Find where "AI Smart Glasses" appears in the entries below. That line and all lines after it, through the last, are to be duplicated exactly, with nothing else.
*** PROVIDED MATERIAL Section Begins ***
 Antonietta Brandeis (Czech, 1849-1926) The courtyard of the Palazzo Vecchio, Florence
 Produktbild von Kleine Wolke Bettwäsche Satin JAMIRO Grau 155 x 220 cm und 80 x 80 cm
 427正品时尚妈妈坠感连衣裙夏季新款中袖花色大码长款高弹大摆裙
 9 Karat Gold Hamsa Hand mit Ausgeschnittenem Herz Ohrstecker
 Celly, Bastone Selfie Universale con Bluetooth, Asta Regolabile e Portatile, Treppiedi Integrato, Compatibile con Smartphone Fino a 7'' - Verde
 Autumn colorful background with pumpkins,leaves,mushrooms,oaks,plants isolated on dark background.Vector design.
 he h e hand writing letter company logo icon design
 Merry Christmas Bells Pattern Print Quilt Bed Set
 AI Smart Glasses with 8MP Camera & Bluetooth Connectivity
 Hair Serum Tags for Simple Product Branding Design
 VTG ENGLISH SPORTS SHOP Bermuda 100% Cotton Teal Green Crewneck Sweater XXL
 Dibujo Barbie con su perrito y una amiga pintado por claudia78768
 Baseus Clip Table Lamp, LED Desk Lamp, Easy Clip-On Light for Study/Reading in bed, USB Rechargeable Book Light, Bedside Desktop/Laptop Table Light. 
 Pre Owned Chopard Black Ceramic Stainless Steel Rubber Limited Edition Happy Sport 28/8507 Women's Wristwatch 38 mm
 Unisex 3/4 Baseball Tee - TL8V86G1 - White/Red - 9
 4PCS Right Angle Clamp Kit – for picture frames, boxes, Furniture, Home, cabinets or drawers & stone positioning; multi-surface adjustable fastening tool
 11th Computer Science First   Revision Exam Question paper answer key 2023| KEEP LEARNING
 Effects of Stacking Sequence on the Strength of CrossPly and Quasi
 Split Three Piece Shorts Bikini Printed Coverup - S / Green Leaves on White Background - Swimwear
*** PROVIDED MATERIAL Section Ends ***
ANSWER:
 AI Smart Glasses with 8MP Camera & Bluetooth Connectivity
 Hair Serum Tags for Simple Product Branding Design
 VTG ENGLISH SPORTS SHOP Bermuda 100% Cotton Teal Green Crewneck Sweater XXL
 Dibujo Barbie con su perrito y una amiga pintado por claudia78768
 Baseus Clip Table Lamp, LED Desk Lamp, Easy Clip-On Light for Study/Reading in bed, USB Rechargeable Book Light, Bedside Desktop/Laptop Table Light. 
 Pre Owned Chopard Black Ceramic Stainless Steel Rubber Limited Edition Happy Sport 28/8507 Women's Wristwatch 38 mm
 Unisex 3/4 Baseball Tee - TL8V86G1 - White/Red - 9
 4PCS Right Angle Clamp Kit – for picture frames, boxes, Furniture, Home, cabinets or drawers & stone positioning; multi-surface adjustable fastening tool
 11th Computer Science First   Revision Exam Question paper answer key 2023| KEEP LEARNING
 Effects of Stacking Sequence on the Strength of CrossPly and Quasi
 Split Three Piece Shorts Bikini Printed Coverup - S / Green Leaves on White Background - Swimwear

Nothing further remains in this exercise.